Background information
- Origin: Manzini, Eswatini
- Genres: Country
- Years active: 2005–present
- Members: Gazi Simelane "Dusty" Lindokuhle Msibi "Stones"

= Dusty & Stones =

Dusty & Stones is a country music duo from Eswatini, Africa, consisting of cousins Gazi "Dusty" Simelane (born 22 March 1982) and Linda "Stones" Msibi (born 23 December 1983), both vocalists, guitarists and songwriters. The duo was founded in 2005.

Dusty is mostly on lead vocals while Stones is mostly on harmony vocals. The duo released their first and only studio album, Mooihoek Country Fever, in 2009, which won the Best Country Music Artists/Group award in their home country for three consecutive years (2010, 2011 and 2013).

Two Irish radio DJs discovered their music in 2015. Their songs "Ride with me" and "Mkhulu welfu" became moderately popular in Ireland as a result.

Dusty and Stones share guitar solo parts during their performances.

They made their Grand Ole Opry debut performance on September 30, 2023.

Dusty & Stones has a feature film which was filmed from 2017 to 2020. This film chronicles the duo's musical journey. The film has featured in numerous film festivals, making its premiere at DOCNYC in November 2023. It also featured at the Treefort Film Festival in which the duo made its USA debut performance. The film also featured at the Nashville Film Festival 2023 in Nashville Tennessee.

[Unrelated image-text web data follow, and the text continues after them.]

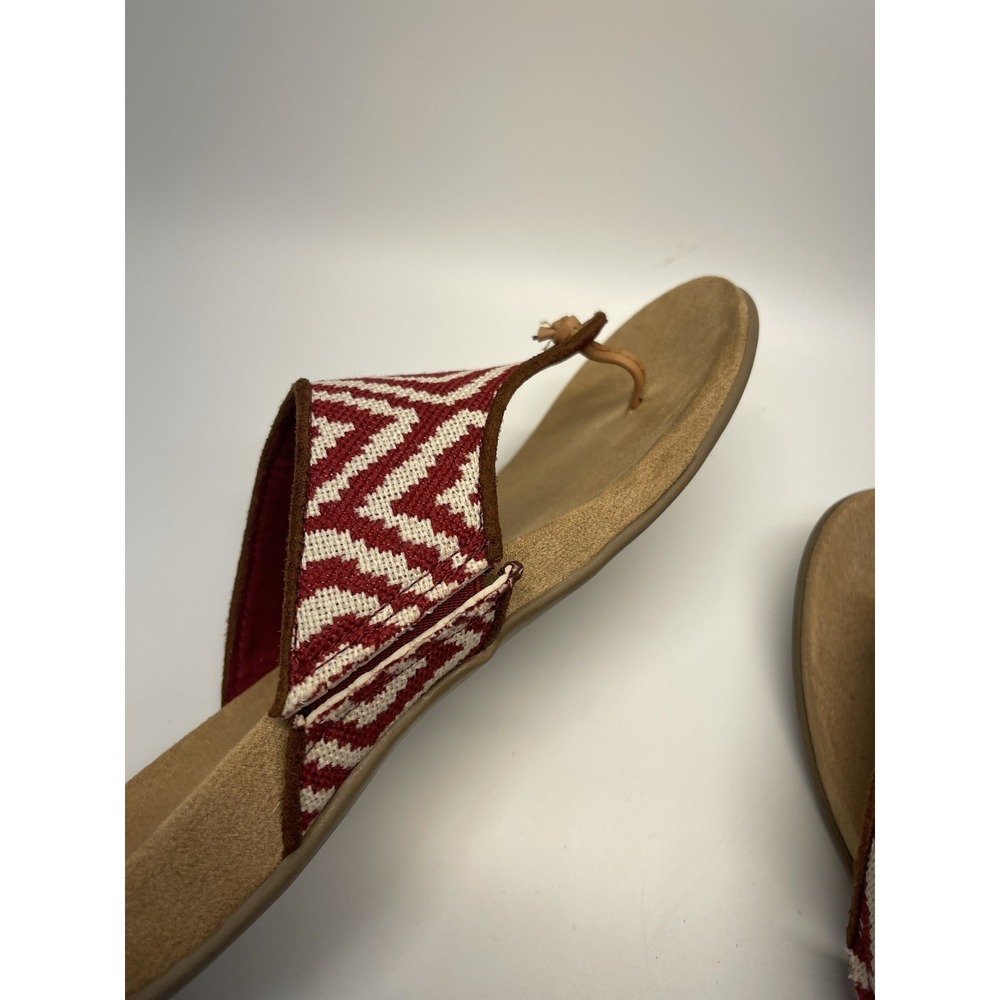 Minnetonka Women's Red White Thong Sandals Size 10 Boho Slip On Comfort - Picture 4 of 8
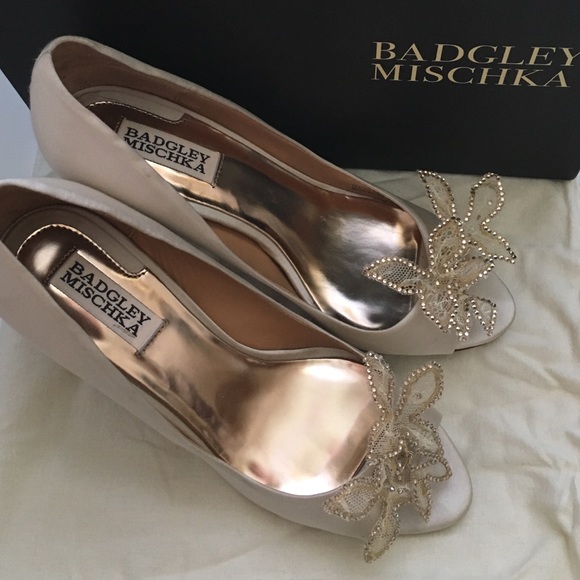 Badgley Mischka Bridal Regine pump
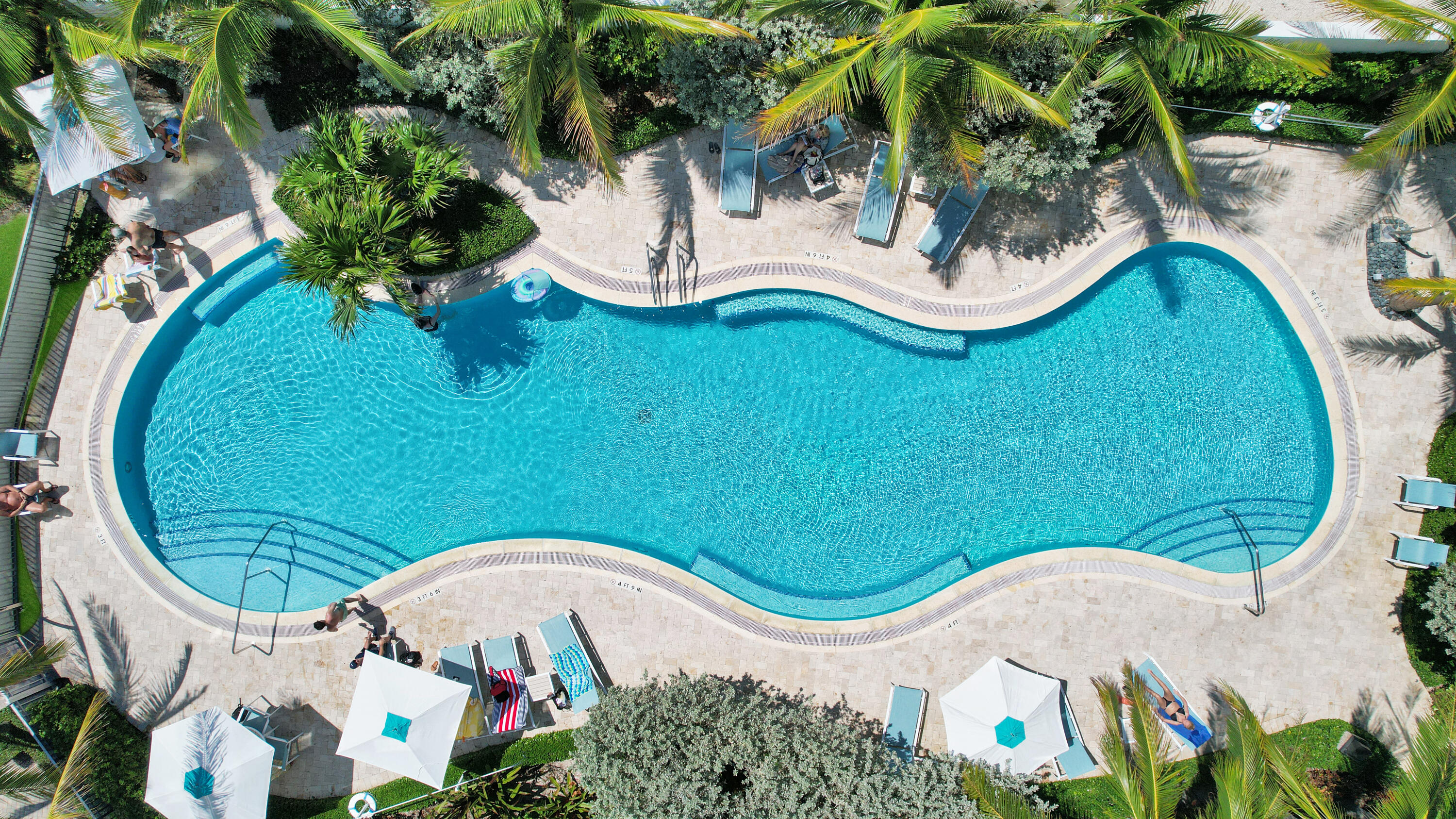 COCONUT GROVE RESIDENCES - Residential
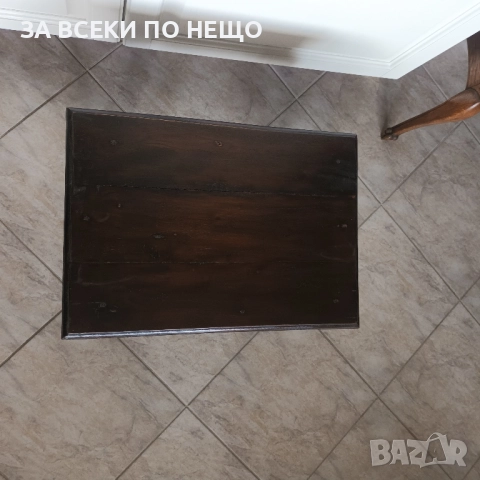 ЧУДЕСНА ВИНТИДЖ МАСИЧКА ПОМОЩНА ОТ МАСИВ МАХАГОН, снимка 6 - Маси - 52753147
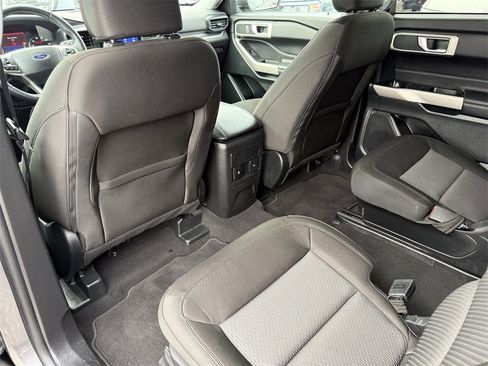 Used 2024 Ford Explorer XLT image 33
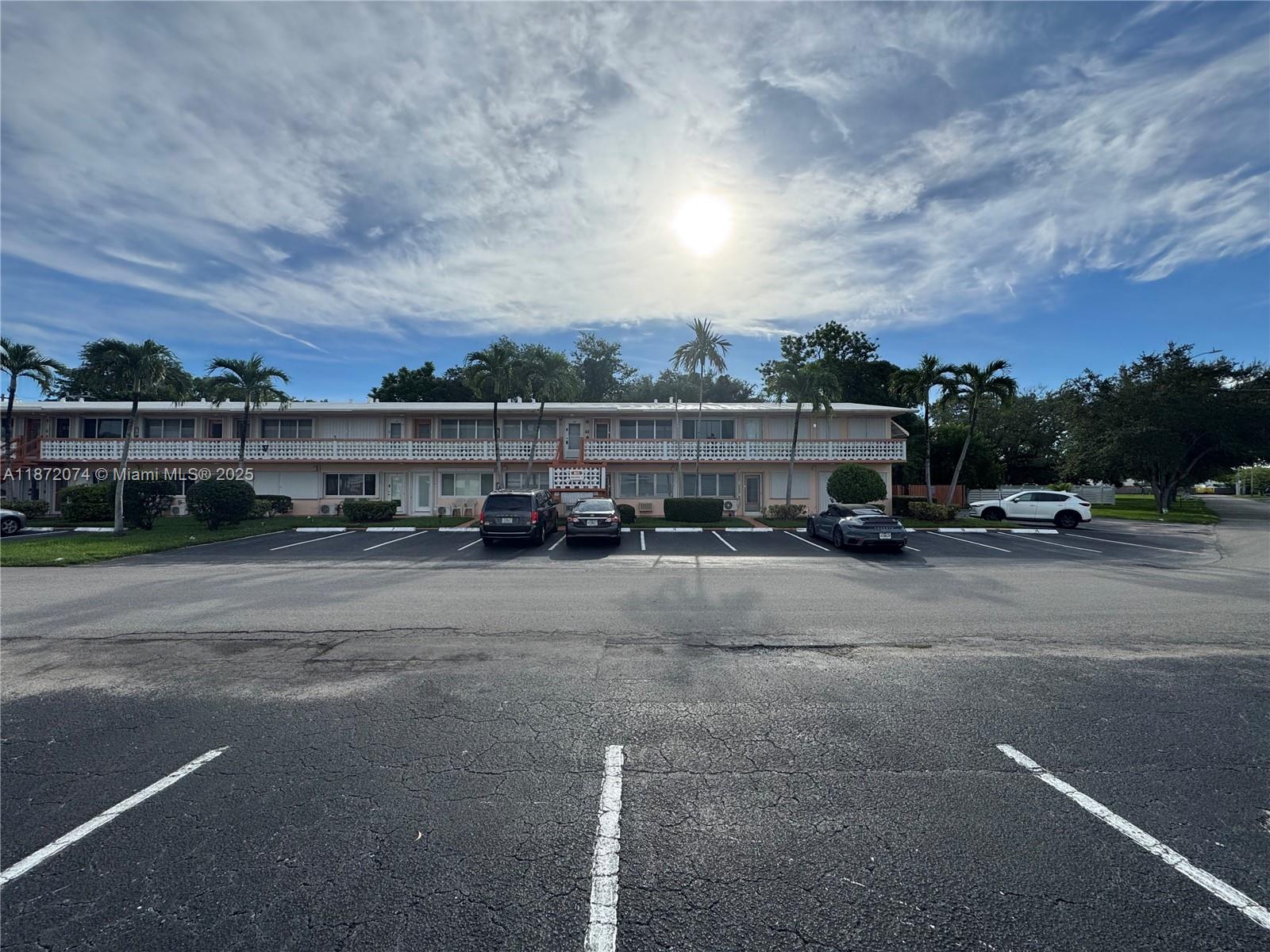 FRESHLY REMODELED UNIT IN DESIRABLE ROLEN LAKE GARDENS. 1 BED/1 BATH IN 55+ COMMUNITY. NEW FLOORING, PAINT, AND VERY WELL MAINTAINED. VERY QUIET AND SAFE COMMUNITY. LOW MAINTENANCE ($355/MONTH). COMMUNITY OFFERS MANY AMENITIES SUCH AS POOL, CLUB HOUSE, SHUFFLEBOARD, BEAUTIFUL LAKE, AND MORE. EXCELLENT LOCATION NEAR I-95, AVENTURA MALL, BEACHES, RESTAURANTS, SHOPPING, GULFSTREAM PARK, HARD ROCK HOTEL & CASINO, ALL MAJOR AIRPORTS, BRIGHTLINE TRAIN STATION, AND SO MUCH MORE. PRICED TO SELL FAST! DON'T LET THIS OPPORTUNITY SLIP AWAY! REALIZE YOUR DREAMS OF LIVING IN BEAUTIFUL, WARM AND SUNNY SOUTH FLORIDA PARADISE TODAY!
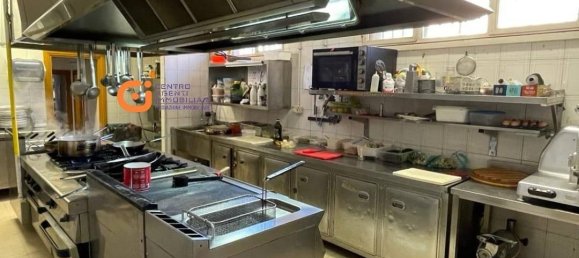 Propiedad comercial de 4 habitaciónes en Rome, Italy No. 324991 21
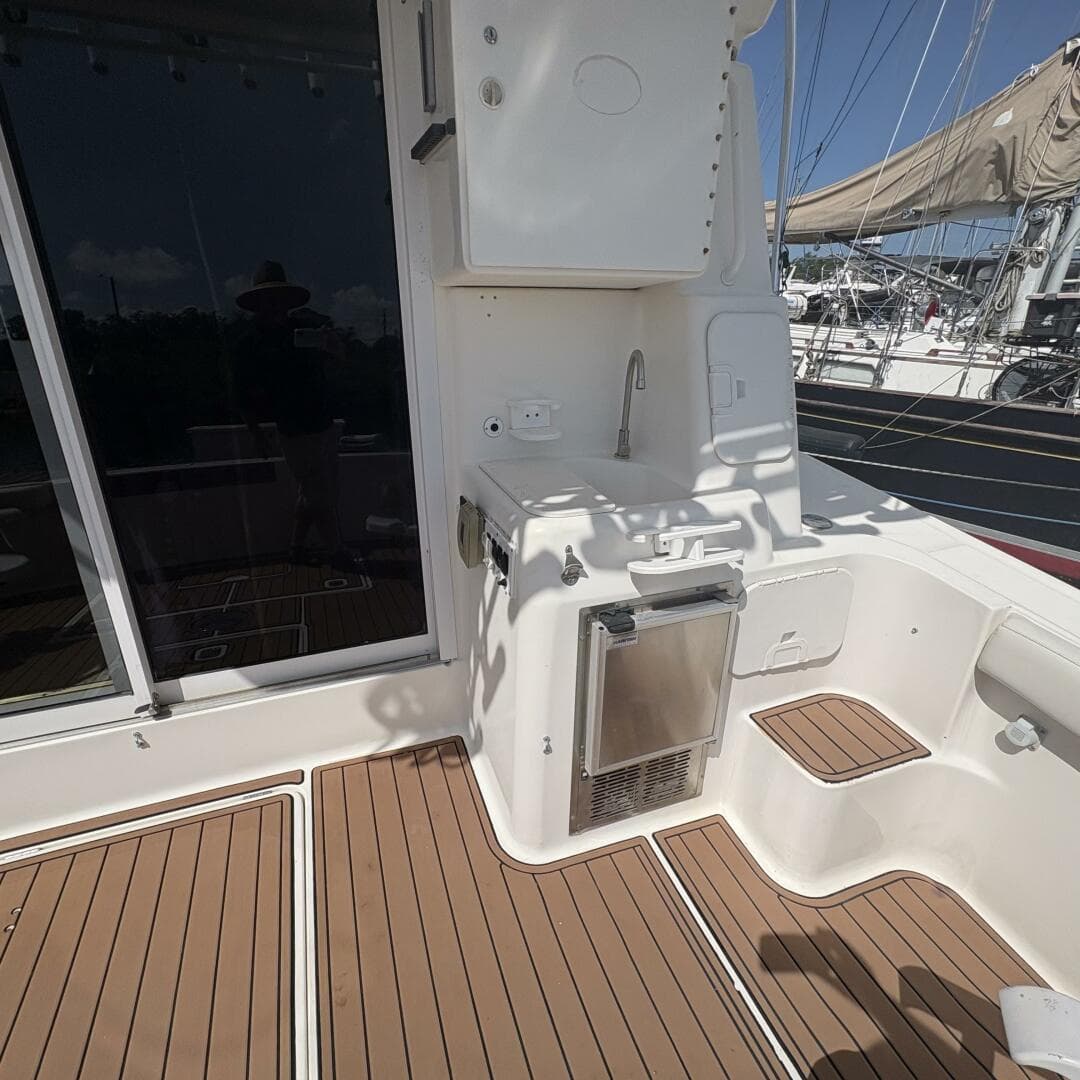 2001 Silverton 42 Convertible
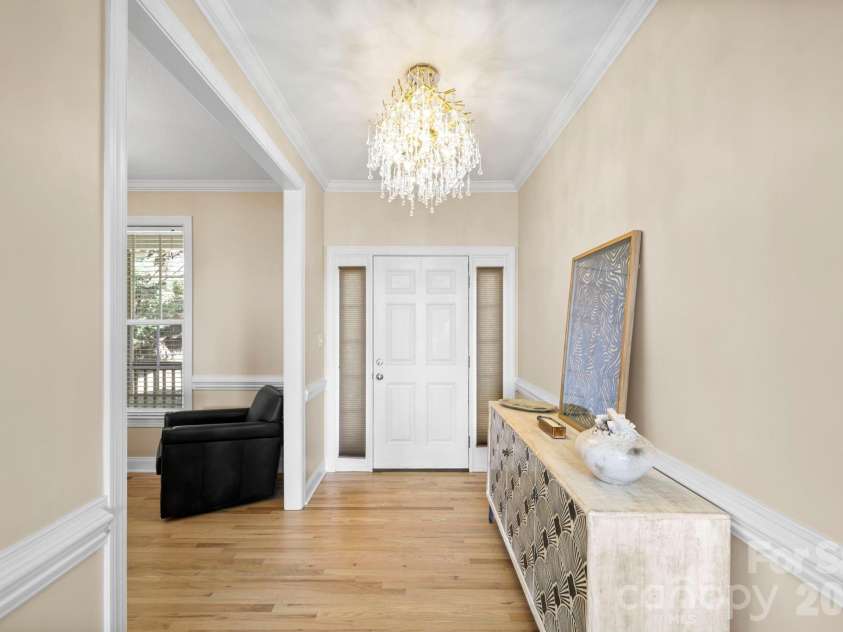 76 Distant View Drive, Asheville, NC 28803.  MLS# CAR4368722, YatesRealty ID 20518. Entry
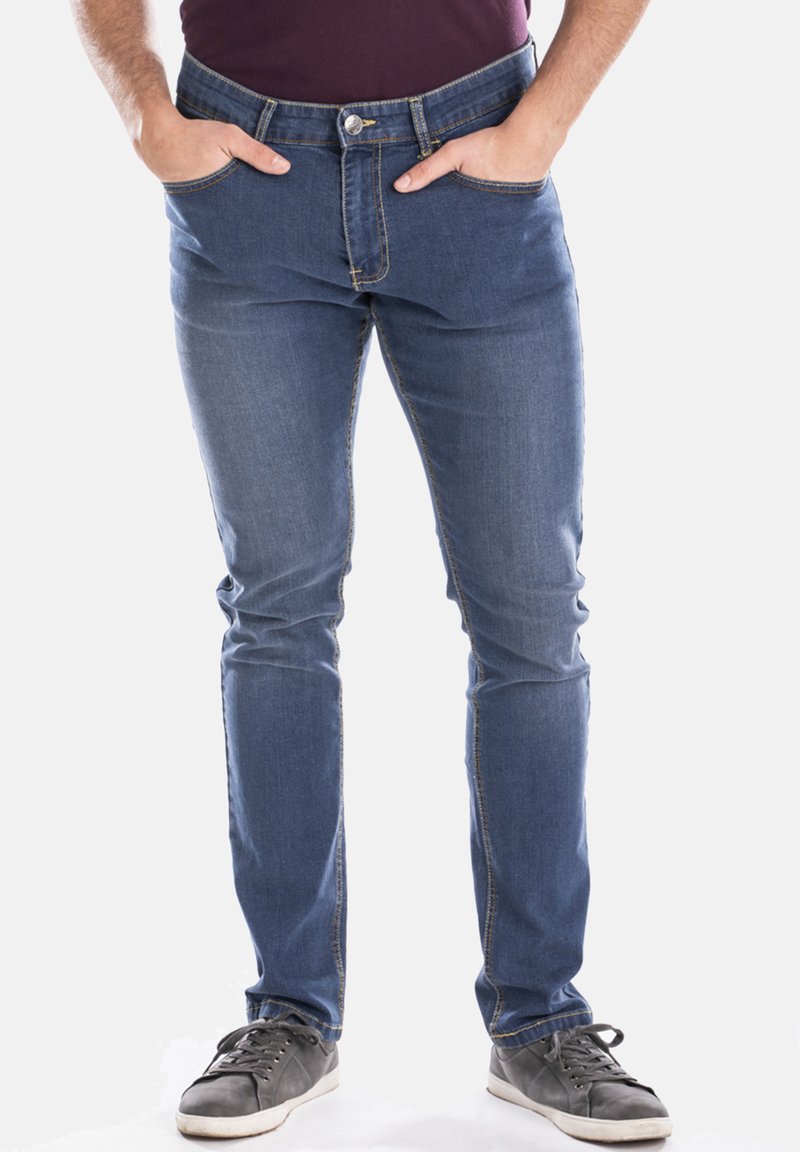 Jean en denim bleu pour homme avec une coupe slim, doté d'une fermeture à bouton et à glissière sur le devant, de deux poches avant et de détails de couture contrastants.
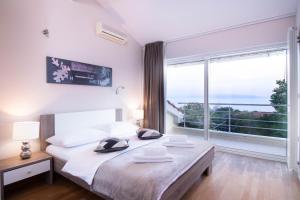 Posteľ alebo postele v izbe v ubytovaní Villa Morčić with a sea view - Rijeka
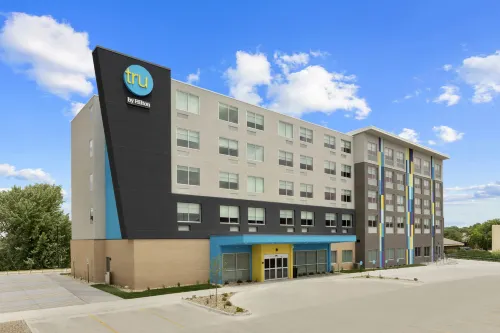 Tru by Hilton Lincoln East - 3-Star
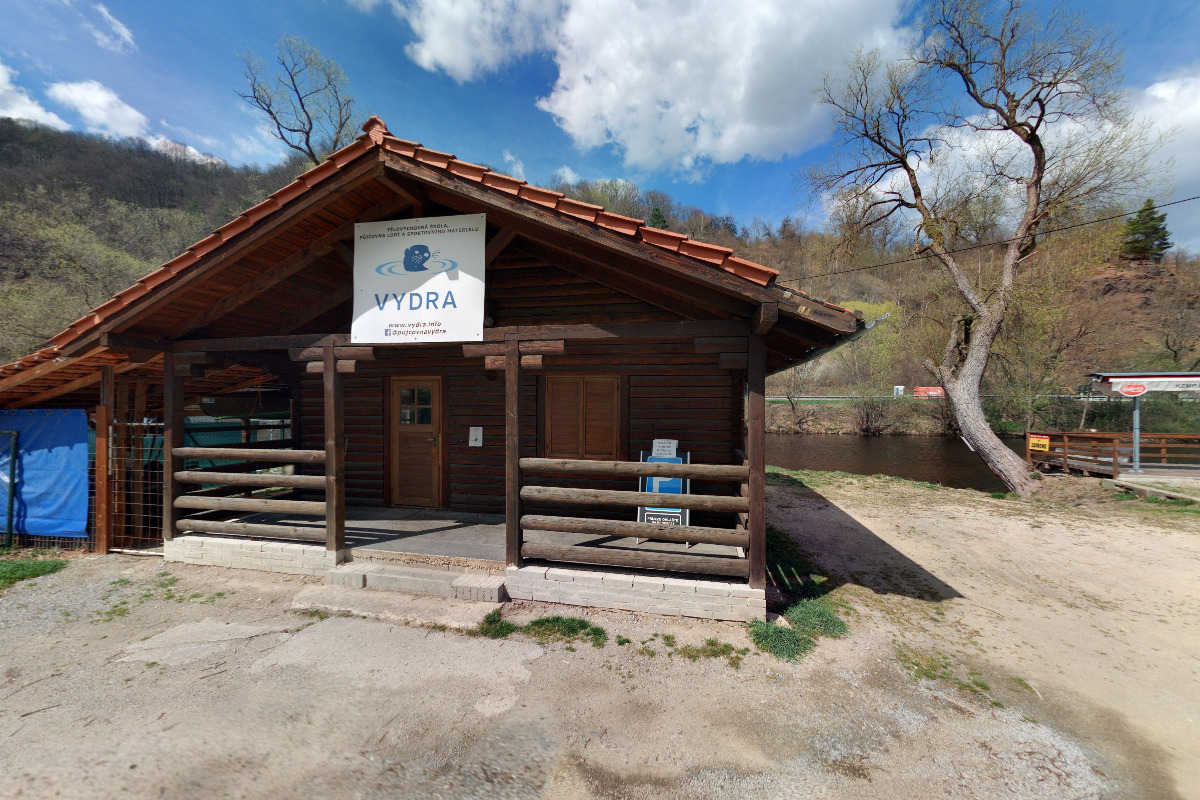 Půjčovna lodí a raftů VYDRA foto 6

== Early childhood and education ==
Dusty and Stone grew up together as cousins and spent time on their grandfather's farm together. They were drawn to country music as it reflected their experiences of a small town life on a farm. Their grandfather was a pastor and played harmonica, he was influential in their upbringing and taught them the value of patience and hard work which later affected their music. Dusty's brother Sicelo also fostered their love for music and had a collection of country music records he would share with them. Dusty went to Velebantfu High School for his high school education, while Stone moved around a bit more. He went to Ngwane Practising School for his early education, Franson Christian High for his secondary (middle school) education, and Ngwane Central High for high school. They both then received a college/university education as well with Dusty going to University of Eswatini and becoming a teacher and Stones going to Eswatini College of Technology and later Institute of Commercial Management, becoming qualified as a project manager.